-
Notifications
You must be signed in to change notification settings - Fork 25
Command Reference
This page presents the online help for all pbench commands.
Run ./pbench --help to see the online help for pbench.
Tool for running Presto benchmarks
Usage:
pbench [command]
Available Commands:
cmp Compare two query result directories
completion Generate the autocompletion script for the specified shell
forward Watch incoming query workloads from the first Presto cluster (cluster 0) and forward them to the rest clusters.
genconfig Generate benchmark cluster configurations
genddl Generate DDL scripts based on a config file
help Help about any command
loadjson Load query JSON files into event listener database and run recorders
queryplan Parse query plan
replay Replay workload from a CSV file
round Round the decimal values in the benchmark query output files for easier comparison.
run Run a benchmark
save Save table information for recreating the schema and data
Flags:
-h, --help help for pbench
Use "pbench [command] --help" for more information about a command.
For more information about pbench cmp see Comparing Benchmarks.
Run ./pbench cmp --help to see the online help for pbench cmp.
Compare two query result directories
Usage:
pbench cmp [flags] [directory 1] [directory 2]
Flags:
-r, --file-id-regex string regex to extract file id from file names in two directories to find matching files to compare (default ".*(query_\\d+)(?:_c0)?(?:_ordered)?\\.output")
-h, --help help for cmp
-o, --output-path string diff output path (default "./diff")
Compare the output of two benchmark runs:
pbench cmp results/run_baseline results/run_experimentCompare with a custom regex that matches files like q1.csv, q2.csv:
pbench cmp -r ".*(q\d+)\.csv" results/baseline results/experiment -o my_diffRun ./pbench completion --help to see the online help for pbench completion.
Generate the autocompletion script for pbench for the specified shell.
See each sub-command's help for details on how to use the generated script.
Usage:
pbench completion [command]
Available Commands:
bash Generate the autocompletion script for bash
fish Generate the autocompletion script for fish
powershell Generate the autocompletion script for powershell
zsh Generate the autocompletion script for zsh
Flags:
-h, --help help for completion
Use "pbench completion [command] --help" for more information about a command.
Run ./pbench forward --help to see the online help for pbench forward.
Watch incoming query workloads from the first Presto cluster (cluster 0) and forward them to the rest clusters.
Usage:
pbench forward [flags]
Flags:
--dry-run Turning on dry run will only show the queries but not sending them to the target server.
-x, --exclude stringArray Regular expressions to filter queries to forward
--force-https bools Force all API requests to use HTTPS (default [false])
-h, --help help for forward
-n, --name string Assign a name to this run. (default: "forward_<current time>")
-o, --output-path string Output directory path (default "current directory")
-p, --password stringArray Presto user password (optional)
-i, --poll-interval duration Interval between polls to the source cluster (default 5s)
-r, --replace stringArray Pairs of regular expressions to match pattern in the query and the replacement expression.
Use $1, $2, ... to reference capture groups.
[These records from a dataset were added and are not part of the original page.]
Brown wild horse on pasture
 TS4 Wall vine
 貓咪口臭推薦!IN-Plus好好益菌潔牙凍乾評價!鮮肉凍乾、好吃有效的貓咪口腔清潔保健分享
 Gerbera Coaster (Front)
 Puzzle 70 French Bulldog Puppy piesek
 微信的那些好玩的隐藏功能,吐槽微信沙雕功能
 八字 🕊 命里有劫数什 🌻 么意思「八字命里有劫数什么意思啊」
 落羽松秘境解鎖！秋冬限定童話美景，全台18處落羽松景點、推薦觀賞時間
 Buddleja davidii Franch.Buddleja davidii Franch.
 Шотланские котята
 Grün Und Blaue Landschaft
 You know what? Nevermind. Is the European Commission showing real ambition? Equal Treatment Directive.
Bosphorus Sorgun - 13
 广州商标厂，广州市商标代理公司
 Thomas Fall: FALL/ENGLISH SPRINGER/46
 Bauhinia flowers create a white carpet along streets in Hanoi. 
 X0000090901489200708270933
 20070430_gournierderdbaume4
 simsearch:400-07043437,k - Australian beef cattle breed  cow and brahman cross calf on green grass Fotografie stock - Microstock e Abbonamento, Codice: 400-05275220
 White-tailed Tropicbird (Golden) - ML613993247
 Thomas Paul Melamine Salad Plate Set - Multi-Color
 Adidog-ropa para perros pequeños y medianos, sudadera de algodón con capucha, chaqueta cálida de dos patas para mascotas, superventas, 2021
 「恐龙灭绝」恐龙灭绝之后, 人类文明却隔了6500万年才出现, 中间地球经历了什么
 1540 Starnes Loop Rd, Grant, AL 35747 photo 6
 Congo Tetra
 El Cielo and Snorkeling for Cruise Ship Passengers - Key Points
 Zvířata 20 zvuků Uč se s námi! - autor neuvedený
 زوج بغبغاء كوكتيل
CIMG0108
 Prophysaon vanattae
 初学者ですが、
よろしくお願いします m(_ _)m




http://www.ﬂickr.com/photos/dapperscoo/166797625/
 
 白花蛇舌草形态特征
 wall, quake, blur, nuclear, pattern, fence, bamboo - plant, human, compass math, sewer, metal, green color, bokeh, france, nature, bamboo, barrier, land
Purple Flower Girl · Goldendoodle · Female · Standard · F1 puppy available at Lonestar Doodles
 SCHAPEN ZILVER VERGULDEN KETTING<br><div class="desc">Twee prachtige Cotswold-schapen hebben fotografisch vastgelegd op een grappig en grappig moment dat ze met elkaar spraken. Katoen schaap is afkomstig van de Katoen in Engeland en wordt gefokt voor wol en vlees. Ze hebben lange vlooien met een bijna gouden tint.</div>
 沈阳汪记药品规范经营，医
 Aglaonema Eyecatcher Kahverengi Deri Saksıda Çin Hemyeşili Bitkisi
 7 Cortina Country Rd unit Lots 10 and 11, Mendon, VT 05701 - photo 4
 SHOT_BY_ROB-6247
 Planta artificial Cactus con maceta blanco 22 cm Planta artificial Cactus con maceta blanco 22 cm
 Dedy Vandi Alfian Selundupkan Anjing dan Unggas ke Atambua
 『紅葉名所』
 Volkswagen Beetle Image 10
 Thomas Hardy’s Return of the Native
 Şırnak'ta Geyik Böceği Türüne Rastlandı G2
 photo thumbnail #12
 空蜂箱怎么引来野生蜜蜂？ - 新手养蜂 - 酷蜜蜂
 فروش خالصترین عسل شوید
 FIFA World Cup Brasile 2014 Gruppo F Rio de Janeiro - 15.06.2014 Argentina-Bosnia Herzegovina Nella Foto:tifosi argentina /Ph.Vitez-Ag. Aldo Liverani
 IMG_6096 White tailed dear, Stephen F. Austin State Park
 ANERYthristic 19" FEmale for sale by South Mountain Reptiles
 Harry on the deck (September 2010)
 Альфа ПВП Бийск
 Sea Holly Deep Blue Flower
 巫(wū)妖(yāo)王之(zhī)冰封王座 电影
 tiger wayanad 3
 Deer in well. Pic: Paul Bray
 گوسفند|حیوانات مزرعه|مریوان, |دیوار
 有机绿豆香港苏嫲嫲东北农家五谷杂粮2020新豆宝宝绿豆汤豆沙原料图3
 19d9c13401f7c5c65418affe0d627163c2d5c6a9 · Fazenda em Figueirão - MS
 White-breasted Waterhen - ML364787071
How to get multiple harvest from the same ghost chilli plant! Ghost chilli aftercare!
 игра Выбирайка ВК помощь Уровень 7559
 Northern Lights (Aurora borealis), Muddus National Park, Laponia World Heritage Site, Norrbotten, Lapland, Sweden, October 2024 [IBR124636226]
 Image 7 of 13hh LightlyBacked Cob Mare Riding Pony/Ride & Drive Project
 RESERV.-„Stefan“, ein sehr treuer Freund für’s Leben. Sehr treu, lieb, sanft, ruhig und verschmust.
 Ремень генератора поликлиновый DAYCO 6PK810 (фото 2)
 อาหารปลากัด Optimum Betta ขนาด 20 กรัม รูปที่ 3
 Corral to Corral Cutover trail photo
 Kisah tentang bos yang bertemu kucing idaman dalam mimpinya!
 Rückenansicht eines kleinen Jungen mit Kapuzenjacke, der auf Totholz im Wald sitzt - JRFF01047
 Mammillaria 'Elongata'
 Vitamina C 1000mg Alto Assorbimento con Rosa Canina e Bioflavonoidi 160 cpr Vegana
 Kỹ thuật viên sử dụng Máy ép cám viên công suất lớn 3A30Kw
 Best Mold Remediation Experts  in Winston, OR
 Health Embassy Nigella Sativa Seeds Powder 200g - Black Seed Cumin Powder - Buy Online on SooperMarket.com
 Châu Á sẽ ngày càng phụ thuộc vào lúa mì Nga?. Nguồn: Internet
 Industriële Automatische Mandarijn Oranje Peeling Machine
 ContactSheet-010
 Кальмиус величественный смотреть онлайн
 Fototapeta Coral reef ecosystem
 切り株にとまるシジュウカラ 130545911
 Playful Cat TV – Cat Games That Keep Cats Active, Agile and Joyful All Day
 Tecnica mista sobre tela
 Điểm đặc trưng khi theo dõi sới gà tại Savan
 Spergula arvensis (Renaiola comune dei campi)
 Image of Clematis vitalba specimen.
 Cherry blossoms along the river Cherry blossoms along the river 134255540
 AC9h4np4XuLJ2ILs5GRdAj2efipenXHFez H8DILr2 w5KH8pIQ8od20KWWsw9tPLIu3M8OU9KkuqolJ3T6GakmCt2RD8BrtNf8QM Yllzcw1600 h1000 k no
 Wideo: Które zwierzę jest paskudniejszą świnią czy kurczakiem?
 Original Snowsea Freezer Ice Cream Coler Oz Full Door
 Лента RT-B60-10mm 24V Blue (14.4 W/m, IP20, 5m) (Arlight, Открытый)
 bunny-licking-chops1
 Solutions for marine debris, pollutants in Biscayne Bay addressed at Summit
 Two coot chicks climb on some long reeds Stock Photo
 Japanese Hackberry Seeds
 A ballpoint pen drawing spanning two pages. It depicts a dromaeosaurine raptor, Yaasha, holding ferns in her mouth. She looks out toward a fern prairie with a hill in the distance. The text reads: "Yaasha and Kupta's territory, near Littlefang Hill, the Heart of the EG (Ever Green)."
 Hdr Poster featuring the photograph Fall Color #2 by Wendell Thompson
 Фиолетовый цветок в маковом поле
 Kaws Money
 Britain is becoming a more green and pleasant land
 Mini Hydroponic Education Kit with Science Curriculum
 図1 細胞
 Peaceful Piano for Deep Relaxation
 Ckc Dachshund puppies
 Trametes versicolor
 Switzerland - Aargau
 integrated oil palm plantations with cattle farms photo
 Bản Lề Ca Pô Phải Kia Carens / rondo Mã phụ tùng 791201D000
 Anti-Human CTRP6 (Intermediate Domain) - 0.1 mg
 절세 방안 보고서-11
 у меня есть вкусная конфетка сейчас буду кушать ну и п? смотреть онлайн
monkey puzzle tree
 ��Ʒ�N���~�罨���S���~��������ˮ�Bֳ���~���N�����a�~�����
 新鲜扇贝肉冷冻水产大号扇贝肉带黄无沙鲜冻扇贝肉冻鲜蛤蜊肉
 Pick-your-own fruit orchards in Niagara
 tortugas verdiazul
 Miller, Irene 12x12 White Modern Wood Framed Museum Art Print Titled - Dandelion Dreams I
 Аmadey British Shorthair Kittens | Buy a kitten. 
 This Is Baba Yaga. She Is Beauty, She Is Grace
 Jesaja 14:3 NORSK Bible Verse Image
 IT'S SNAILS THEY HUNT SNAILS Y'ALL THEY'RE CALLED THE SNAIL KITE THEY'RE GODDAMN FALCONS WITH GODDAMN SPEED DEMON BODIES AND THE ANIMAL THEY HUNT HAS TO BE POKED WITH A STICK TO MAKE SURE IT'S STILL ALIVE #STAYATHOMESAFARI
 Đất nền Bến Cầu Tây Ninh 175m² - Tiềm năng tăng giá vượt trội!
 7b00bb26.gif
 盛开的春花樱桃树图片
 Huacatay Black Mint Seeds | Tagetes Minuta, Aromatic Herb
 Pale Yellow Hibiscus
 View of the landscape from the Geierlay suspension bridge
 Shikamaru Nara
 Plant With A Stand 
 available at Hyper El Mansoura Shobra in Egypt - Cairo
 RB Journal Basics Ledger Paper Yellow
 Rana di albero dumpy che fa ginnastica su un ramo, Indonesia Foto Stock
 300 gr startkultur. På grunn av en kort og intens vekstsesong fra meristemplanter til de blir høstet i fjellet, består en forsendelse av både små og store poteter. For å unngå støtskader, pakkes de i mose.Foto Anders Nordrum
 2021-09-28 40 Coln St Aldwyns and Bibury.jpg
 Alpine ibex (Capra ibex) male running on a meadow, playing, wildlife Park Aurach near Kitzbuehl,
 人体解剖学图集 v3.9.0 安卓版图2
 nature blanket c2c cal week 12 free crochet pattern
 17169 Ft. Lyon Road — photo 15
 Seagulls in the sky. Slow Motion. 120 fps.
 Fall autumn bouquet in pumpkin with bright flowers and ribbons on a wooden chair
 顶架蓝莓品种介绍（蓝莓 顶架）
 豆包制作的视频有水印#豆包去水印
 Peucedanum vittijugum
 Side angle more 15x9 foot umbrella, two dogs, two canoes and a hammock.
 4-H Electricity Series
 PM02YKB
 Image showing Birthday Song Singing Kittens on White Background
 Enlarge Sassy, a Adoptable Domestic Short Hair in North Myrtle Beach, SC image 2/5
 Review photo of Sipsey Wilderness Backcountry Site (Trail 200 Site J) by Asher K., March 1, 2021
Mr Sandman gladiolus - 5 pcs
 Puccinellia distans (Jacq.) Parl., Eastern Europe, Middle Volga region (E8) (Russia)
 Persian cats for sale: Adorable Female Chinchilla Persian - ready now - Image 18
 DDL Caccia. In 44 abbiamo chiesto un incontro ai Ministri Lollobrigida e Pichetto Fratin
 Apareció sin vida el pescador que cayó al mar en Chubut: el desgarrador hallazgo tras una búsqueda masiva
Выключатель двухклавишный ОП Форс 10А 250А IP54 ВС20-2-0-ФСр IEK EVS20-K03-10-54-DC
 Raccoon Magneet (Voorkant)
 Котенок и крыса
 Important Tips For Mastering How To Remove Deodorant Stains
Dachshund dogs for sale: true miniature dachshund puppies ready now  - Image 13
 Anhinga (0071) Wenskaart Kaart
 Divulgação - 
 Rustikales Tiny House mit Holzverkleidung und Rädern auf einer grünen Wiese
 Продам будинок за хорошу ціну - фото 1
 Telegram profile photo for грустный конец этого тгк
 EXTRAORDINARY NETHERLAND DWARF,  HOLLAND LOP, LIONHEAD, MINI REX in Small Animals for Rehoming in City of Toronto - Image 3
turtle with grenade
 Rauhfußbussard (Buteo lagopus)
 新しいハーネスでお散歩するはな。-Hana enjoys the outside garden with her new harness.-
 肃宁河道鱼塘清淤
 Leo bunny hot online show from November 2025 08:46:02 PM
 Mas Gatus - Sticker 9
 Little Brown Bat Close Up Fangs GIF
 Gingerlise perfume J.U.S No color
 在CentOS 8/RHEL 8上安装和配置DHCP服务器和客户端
This will be applied after filters.
-m, --schema-mapping strings Pairs of schema names to establish schema mapping relationships for schema replacement
when forwarding queries. You can specify something like -m schema1,schema2
-s, --server stringArray Presto server address (default [http://127.0.0.1:8080])
-u, --user stringArray Presto user name (default [pbench])
The forward command monitors query workloads on a source Presto cluster and replays them on one or more target clusters. The first --server is the source cluster (cluster 0); additional --server entries are target clusters.
Use --exclude to filter out queries matching specific patterns. Use --replace to modify queries before forwarding (e.g., changing table names). Use --schema-mapping to remap schema names between clusters.
Forward all queries from a source cluster to two target clusters:
pbench forward \
-s http://source-cluster:8080 \
-s http://target-cluster-1:8080 \
-s http://target-cluster-2:8080Forward with schema mapping (queries referencing prod_schema on the source will use test_schema on targets):
pbench forward \
-s http://source:8080 \
-s http://target:8080 \
-m prod_schema,test_schemaDry run to preview which queries would be forwarded, excluding EXPLAIN queries:
pbench forward \
-s http://source:8080 \
-s http://target:8080 \
-x "^EXPLAIN" \
--dry-runFor more information about pbench genconfig see Generating Benchmark Configurations.
Run ./pbench genconfig --help to see the online help for pbench genconfig.
Generate benchmark cluster configurations
Usage:
pbench genconfig [flags] [directory to search recursively for config.json]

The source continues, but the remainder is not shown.